* _Required action_:
All that is needed is an exact copy of the lines from the beginning of the data below through the line containing "Clio Bay Honda", minus the pictures.

* _Source data_:
▬▬▬▬▬▬

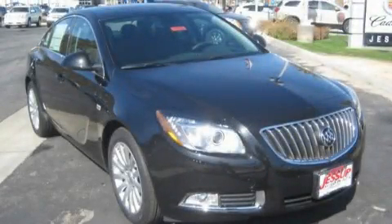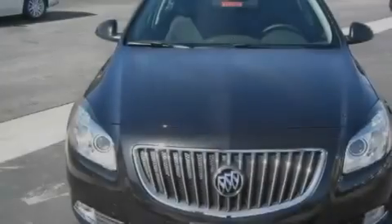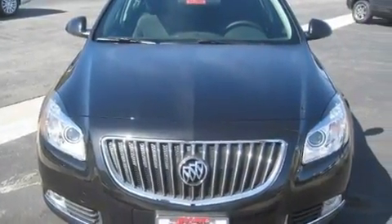This is a brand-new 2011 Buick Regal. It has a 2.0-liter four-cylinder engine and an automatic transmission.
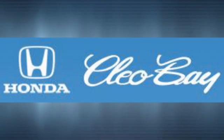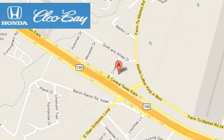Clio Bay Honda is one of the premier Honda dealers. We're conveniently located at 3907 East Centex Expressway in Killeen, Texas.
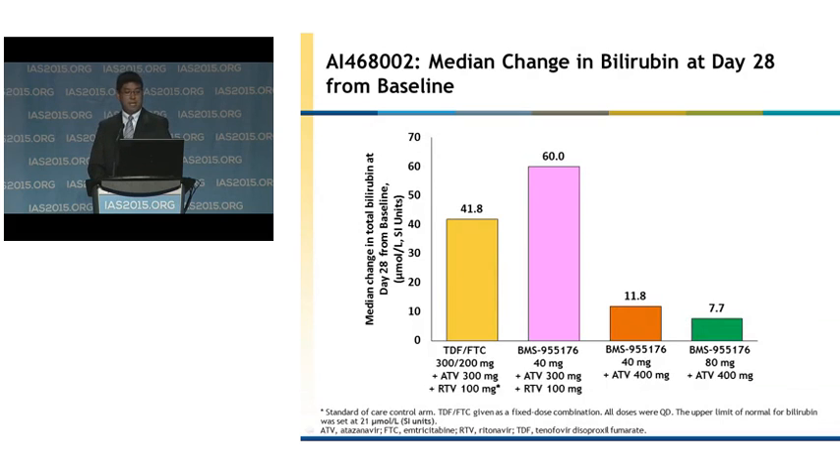This slide shows the median change in bilirubin at day 28 from baseline, in SI units with the upper limit of normal being 19. As expected, in the standard of care arm in yellow, the elevation in total bilirubin was less than the boosted atazanavir arm with 40 milligrams of 176, due to decreased atazanavir levels when given with tenofovir. In the arms with unboosted atazanavir given with 176, the change in median bilirubin was much less compared to the boosted atazanavir arms. We also did not observe hyperbilirubinemia with 176 when administered as monotherapy.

▬▬▬▬▬▬

* _Response to the task_:
This is a brand-new 2011 Buick Regal. It has a 2.0-liter four-cylinder engine and an automatic transmission.
Clio Bay Honda is one of the premier Honda dealers. We're conveniently located at 3907 East Centex Expressway in Killeen, Texas.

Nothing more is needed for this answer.